La casa estaba tan poco acogedora que Charles apenas aparecía por ella. Sin embargo, compró un quintal de carbón, y yo intenté cocinar en la chimenea, pero se ponía todo perdido y el carbón no duraba nada. Por las tardes llevaba a los niños a Primrose Hill y llenaba el cochecito de palos, que me eran útiles para poner cacharros de agua a hervir. Cuando Peregrine venía a verme, se afligía mucho por la situación en la que nos encontrábamos. Dijo que le gustaría ayudarnos, pero que él también estaba sin blanca; una tarde, no obstante, nos trajo un pollo y ensalada e hicimos un picnic. Yo guardé bastante para que Sandro tuviera al día siguiente. Le dije a Peregrine que, si de verdad nos quería a su lado, yo me iría con gusto, pero que, si esperábamos mucho más, nos moriríamos antes de inanición.

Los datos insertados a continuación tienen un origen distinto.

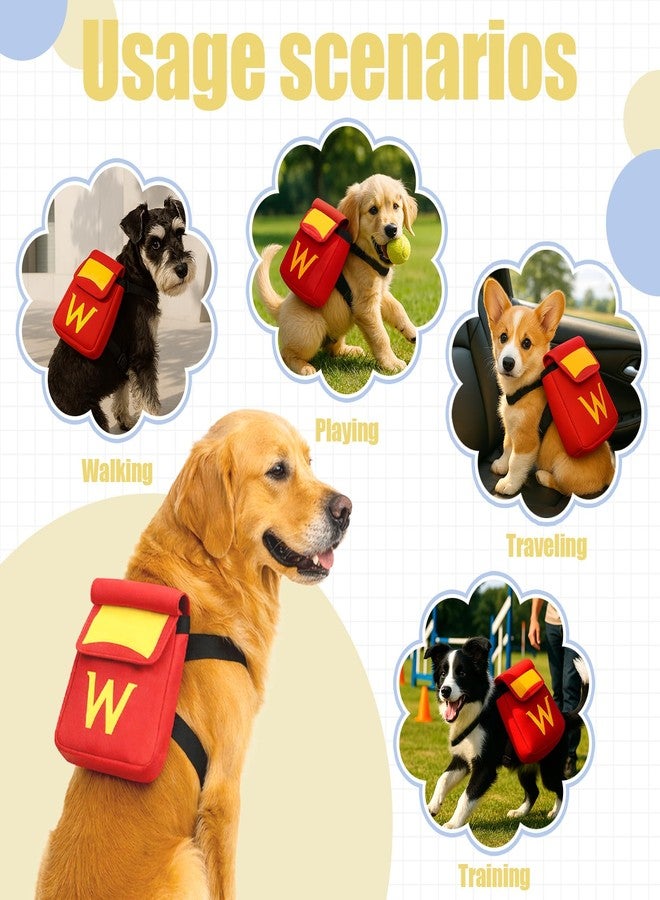Colenumone Dog Backpack for Dog, Red Self Carrier Pet Pack with Pockets, Adjustable Hands-Free Travel Hiking Walking Vest, Cute W Superhero Design, Large Capacity - Image 5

Ann vino un día a verme y me dijo que le apetecía un té. Intenté disuadirla, pero ella insistió y tuve que encender unos palitos en la chimenea para calentar el agua. Pensó que estaba chiflada, y tuve que explicarle lo que había pasado con el gas. Me preguntó por qué no me compraba un infiernillo eléctrico y entonces tuve que decirle que también nos habían cortado la luz. Se quedó consternada y me dijo que debía de ser una derrochadora para haberme gastado todo el dinero de la tía Nelly en un año. A ella todavía le quedaban más de cien libras. Le dije que se me había ido todo en comida y en pagar el alquiler y los gastos del nacimiento de Fanny; ciento cincuenta libras no era tanto dinero para una familia de tres, y últimamente de cuatro. Ella se gastaba como el doble de esa cantidad al año, y vivía sola. Luego me eché a llorar. En los últimos tiempos lloraba mucho. Ann parecía muy atribulada y se fue sin esperar al té. Cuando se marchó, vi que había dejado una libra en la bandeja. Me avergonzaba cogerla, pero me serviría para pagar la leche de varias semanas, así que me la guardé. No se lo dije a Charles. Al quedarme sola, después de que se fuera Ann, me invadió una gran tristeza. No podía sino recordar lo esperanzada y alegre que me había puesto cuando vino a contarme lo de la herencia de tía Nelly, y ahora las cosas estaban mucho, mucho peor que antes. Esa noche, cuando vino Peregrine, volví a ser su amante. Parecía que daba igual si eras buena o mala; en cualquier caso, todo era espantoso.